Les noms de domaine des municipales

Les élections municipales approchent à grand pas et les candidats s’agitent autour de leur site web officiel. Quels noms de domaine ont-ils choisi pour mener cette campagne ? Quelles tendances se dégagent ? Découvrez-le dans l’étude exclusive MailClub.info.

Notre enquête a été menée sur les dix plus grandes villes françaises : Bordeaux, Lyon, Marseille, Montpellier, Nantes, Nice, Paris, Rennes, Strasbourg, Toulouse. Elle concerne les noms de domaine des sites officiels des principaux candidats de ces villes. 31 noms de domaine sont ainsi analysés. Premier aspect examiné, l’extension choisie.

Contrairement à notre enquête autour des présidentielles qui constatait l’usage du .ORG pour les candidats situés à gauche et le .FR pour ceux placés à droite, les noms de domaine des municipales sont peu marqués. Le .FR est largement plébiscité (58 % des noms étudiés), suivi du .COM (32 %) et du .NET (10 %). Surtout, le .ORG a disparu de la circulation. C’est vrai qu’il n’avait pas porté chance à ceux et celles qui l’avaient choisi lors de la précédente élection. Cette année, est-ce que les partis utilisent une extension particulière ? Le Parti Socialiste est passé en .FR (50 %), suivi du .COM (30 %) et du .NET (20 %). L’UMP propose plus de .FR (60 %) autant de .COM que le PS, mais moins de .NET. Le Modem est lui à 80 % en .FR, seul nantesdemocrate2008.com de Benoît Blineau représente le .COM.

Des villes en réussite, aimée, unie, autrement, simplement

Dans la structure de ces noms de domaine, on retrouve dans 37 % des cas, le nom de la ville dont le premier poste est en jeu. On l’aime (aimerlyon.com pour Gérard Collomb), on la voit réussir (marseillereussit.fr pour Jean-Claude Gaudin), autrement (nice-autrement.com par Patrick Mottard et toulouse-autrement.fr du Modem Jean-Luc Forget), unie (unionpourstrasbourg.fr pour l’UMP Fabienne Keller) ou simplement (nicetoutsimplement.com par le maire sortant Jacques Peyrat).
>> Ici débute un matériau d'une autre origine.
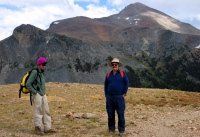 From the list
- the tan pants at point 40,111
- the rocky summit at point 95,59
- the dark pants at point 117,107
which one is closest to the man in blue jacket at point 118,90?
the dark pants at point 117,107

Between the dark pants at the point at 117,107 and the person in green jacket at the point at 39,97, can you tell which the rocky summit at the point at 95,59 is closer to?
the dark pants at the point at 117,107

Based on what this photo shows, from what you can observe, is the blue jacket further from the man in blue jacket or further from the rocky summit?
the rocky summit

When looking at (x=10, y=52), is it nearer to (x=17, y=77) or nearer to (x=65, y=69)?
(x=17, y=77)

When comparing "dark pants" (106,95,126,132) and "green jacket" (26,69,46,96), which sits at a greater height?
"green jacket" (26,69,46,96)

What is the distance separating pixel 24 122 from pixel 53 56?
147 m

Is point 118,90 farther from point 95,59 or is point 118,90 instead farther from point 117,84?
point 95,59

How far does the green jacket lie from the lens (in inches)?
363

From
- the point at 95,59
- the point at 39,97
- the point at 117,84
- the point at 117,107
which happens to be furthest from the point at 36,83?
the point at 95,59

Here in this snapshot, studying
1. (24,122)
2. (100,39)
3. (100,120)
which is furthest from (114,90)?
(100,39)

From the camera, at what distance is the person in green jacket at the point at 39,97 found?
365 inches

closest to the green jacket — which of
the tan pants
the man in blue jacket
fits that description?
the tan pants

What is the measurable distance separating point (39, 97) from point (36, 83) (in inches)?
23.2

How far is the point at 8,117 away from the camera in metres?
13.2

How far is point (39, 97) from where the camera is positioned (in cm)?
943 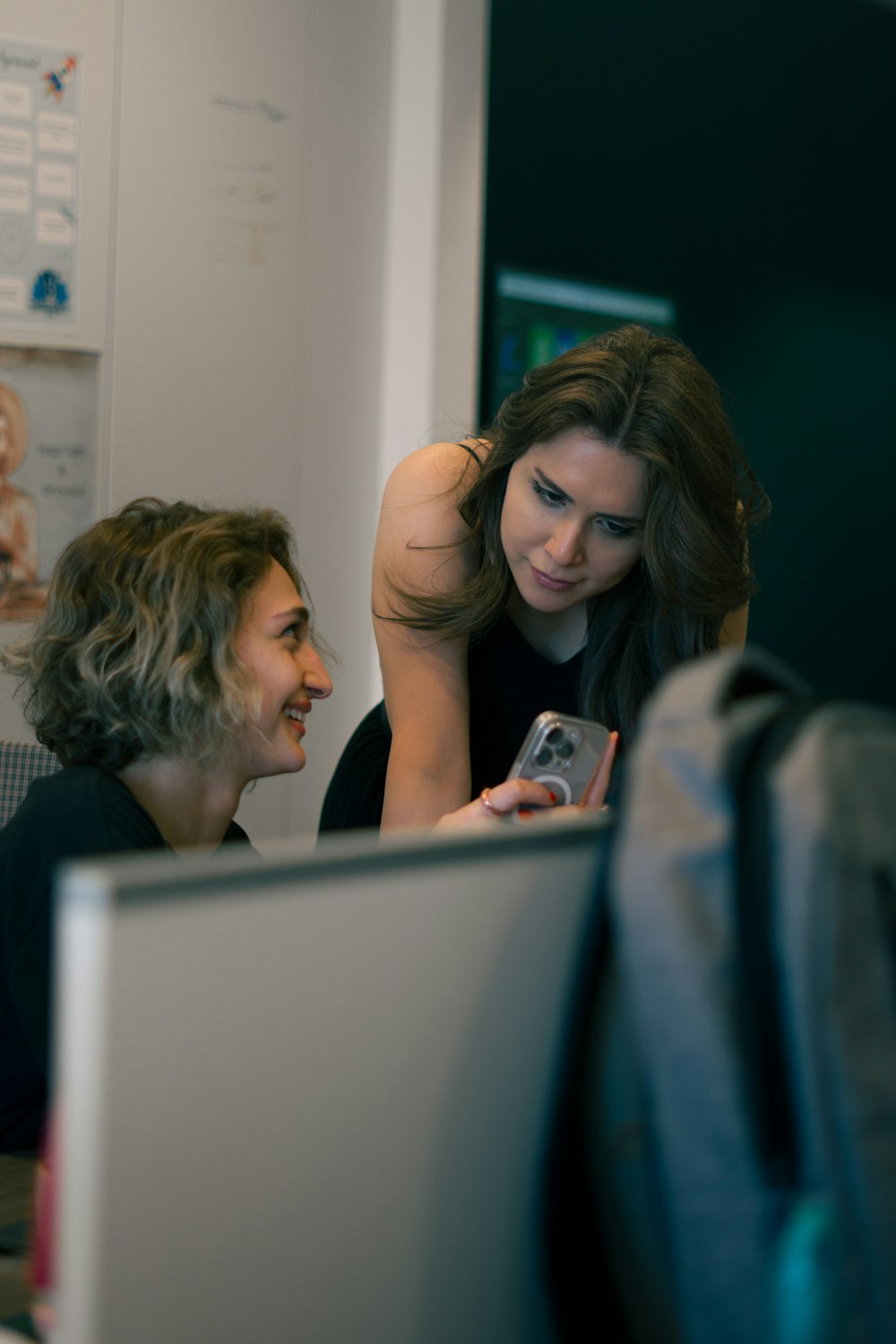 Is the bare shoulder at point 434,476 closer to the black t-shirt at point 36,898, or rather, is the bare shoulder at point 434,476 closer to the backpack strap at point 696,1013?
the black t-shirt at point 36,898

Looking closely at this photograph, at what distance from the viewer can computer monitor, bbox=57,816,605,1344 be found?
614 millimetres

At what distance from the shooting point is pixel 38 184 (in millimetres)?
2953

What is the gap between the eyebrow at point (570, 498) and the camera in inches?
65.0

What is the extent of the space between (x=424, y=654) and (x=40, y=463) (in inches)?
60.6

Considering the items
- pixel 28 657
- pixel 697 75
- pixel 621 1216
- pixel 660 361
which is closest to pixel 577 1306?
pixel 621 1216

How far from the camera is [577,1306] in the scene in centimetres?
76

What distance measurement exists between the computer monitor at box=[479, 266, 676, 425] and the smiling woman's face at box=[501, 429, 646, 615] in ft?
7.31

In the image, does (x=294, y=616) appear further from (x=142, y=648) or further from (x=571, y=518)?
(x=571, y=518)

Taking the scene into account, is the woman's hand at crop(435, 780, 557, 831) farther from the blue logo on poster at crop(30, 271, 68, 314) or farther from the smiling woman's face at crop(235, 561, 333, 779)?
the blue logo on poster at crop(30, 271, 68, 314)

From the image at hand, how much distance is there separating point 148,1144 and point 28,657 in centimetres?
104

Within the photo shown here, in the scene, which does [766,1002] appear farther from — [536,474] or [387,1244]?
[536,474]

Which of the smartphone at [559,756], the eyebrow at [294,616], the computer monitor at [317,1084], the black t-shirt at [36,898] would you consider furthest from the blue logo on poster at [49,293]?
the computer monitor at [317,1084]

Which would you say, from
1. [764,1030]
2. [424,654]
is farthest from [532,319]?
[764,1030]

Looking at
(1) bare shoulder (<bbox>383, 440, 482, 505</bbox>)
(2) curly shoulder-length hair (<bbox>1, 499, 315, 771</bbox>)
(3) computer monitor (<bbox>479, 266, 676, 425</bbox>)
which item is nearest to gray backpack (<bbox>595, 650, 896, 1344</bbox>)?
(2) curly shoulder-length hair (<bbox>1, 499, 315, 771</bbox>) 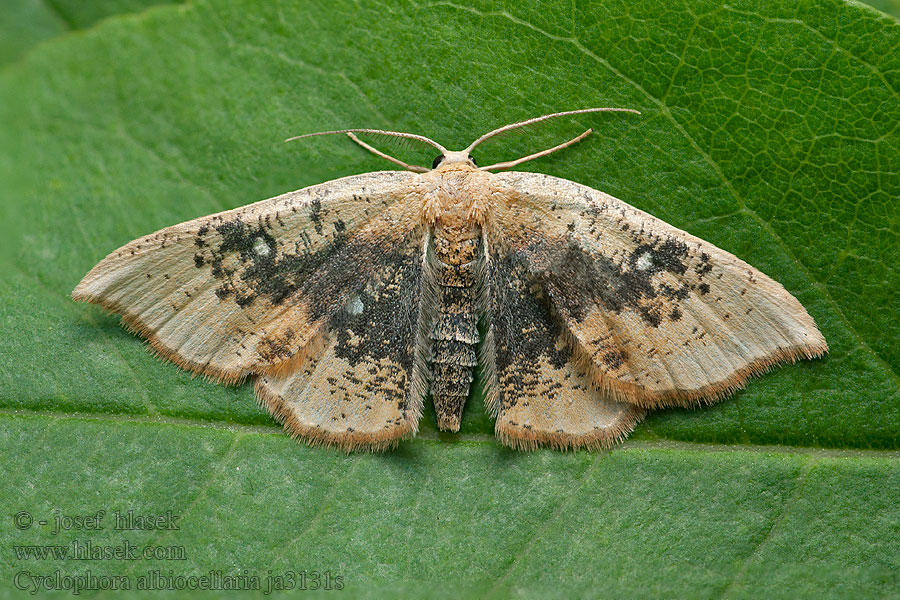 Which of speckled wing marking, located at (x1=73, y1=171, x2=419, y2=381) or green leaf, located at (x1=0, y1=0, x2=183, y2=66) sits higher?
green leaf, located at (x1=0, y1=0, x2=183, y2=66)

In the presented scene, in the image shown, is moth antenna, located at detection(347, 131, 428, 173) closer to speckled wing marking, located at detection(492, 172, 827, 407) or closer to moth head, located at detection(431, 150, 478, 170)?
moth head, located at detection(431, 150, 478, 170)

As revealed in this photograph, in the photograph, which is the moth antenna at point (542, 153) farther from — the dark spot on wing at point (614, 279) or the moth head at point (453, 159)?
the dark spot on wing at point (614, 279)

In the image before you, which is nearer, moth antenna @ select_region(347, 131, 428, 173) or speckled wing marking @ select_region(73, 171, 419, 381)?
speckled wing marking @ select_region(73, 171, 419, 381)

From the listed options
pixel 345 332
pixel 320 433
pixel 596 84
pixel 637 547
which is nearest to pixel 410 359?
pixel 345 332

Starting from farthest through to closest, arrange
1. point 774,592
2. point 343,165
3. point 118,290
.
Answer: point 343,165, point 118,290, point 774,592

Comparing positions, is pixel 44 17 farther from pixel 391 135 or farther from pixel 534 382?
pixel 534 382

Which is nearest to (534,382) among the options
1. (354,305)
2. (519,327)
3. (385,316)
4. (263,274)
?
(519,327)

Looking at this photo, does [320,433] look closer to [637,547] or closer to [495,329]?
[495,329] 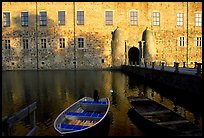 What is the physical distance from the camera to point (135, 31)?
39.8 metres

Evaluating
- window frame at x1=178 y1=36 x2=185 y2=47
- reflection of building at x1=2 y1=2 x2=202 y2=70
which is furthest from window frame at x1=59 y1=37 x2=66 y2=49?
window frame at x1=178 y1=36 x2=185 y2=47

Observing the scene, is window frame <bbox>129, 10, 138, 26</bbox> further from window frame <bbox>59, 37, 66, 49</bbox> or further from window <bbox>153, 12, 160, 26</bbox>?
window frame <bbox>59, 37, 66, 49</bbox>

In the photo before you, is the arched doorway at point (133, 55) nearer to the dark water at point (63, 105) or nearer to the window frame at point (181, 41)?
the window frame at point (181, 41)

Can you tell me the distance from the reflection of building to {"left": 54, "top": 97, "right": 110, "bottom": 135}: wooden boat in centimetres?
2673

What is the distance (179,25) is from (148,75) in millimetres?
19013

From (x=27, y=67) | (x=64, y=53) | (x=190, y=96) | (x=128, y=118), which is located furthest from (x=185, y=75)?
(x=27, y=67)

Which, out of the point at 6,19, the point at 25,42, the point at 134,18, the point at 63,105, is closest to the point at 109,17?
Answer: the point at 134,18

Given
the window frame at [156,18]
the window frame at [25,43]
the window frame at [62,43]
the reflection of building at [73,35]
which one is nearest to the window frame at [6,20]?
the reflection of building at [73,35]

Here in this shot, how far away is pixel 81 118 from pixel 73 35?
3049 centimetres

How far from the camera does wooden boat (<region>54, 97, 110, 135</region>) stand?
25.9 ft

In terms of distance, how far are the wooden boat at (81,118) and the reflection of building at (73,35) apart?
26.7 m

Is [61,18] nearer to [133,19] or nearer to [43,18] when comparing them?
[43,18]

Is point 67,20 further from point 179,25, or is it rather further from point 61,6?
point 179,25

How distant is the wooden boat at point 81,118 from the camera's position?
788 cm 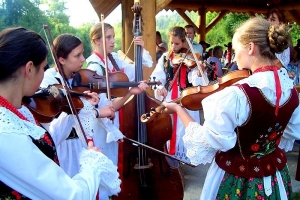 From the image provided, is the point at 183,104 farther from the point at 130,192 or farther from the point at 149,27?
the point at 149,27

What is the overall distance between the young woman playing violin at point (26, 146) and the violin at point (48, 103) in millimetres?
557

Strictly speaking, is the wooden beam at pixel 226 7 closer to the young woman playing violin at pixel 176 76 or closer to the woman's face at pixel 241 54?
the young woman playing violin at pixel 176 76

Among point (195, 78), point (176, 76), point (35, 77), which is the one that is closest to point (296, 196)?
point (195, 78)

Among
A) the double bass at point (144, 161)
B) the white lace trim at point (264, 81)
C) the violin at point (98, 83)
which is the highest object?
the white lace trim at point (264, 81)

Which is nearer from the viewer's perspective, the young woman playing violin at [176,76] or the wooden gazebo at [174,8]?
the wooden gazebo at [174,8]

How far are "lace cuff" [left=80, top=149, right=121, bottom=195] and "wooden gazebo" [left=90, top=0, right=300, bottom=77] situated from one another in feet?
7.05

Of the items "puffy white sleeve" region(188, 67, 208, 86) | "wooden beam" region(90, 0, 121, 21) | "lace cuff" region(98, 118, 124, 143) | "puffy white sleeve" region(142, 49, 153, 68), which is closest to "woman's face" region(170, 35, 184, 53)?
"puffy white sleeve" region(188, 67, 208, 86)

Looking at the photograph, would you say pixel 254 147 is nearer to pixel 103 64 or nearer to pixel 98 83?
pixel 98 83

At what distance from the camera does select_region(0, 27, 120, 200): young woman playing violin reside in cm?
90

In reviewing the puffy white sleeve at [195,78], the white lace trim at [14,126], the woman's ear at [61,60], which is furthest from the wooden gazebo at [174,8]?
the white lace trim at [14,126]

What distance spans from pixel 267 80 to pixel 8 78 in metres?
1.05

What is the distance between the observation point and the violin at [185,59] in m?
3.45

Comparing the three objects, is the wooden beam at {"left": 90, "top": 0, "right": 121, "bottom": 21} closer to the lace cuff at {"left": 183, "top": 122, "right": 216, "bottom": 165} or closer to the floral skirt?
the lace cuff at {"left": 183, "top": 122, "right": 216, "bottom": 165}

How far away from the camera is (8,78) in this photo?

On associe aussi son nom à sa ville (delaveau-rennes.fr). Bordeaux a choisi ce modèle pour le match entre ses deux poids lourds. A ma gauche, cela donne bordeaux-rousset.fr pour le PS Alain Rousset et à ma droite juppe-bordeaux.fr pour le candidat de l’UMP. A Paris, la candidate Modem annonce la couleur, elle est pour sa ville ! Son nom de domaine est formel marielledesarnezpourparis.fr.

Vote pour mon nom !

Ils sont très nombreux (68 %) à intégrer leur patronyme dans leurs noms de domaine (il faut bien savoir le nom de celui pour lequel on vote). En mode prénom et nom : bertranddelanoe.net pour le maire de Paris, helene-mandroux.fr pour la candidate socialiste de Montpellier, karim-boudjema.net pour le prétendant UMP à Rennes, martialbild.fr pour le FN parisien. Le postulant UMP de Lyon n’a choisi que son nom de famille pour son nom de domaine : perben.com.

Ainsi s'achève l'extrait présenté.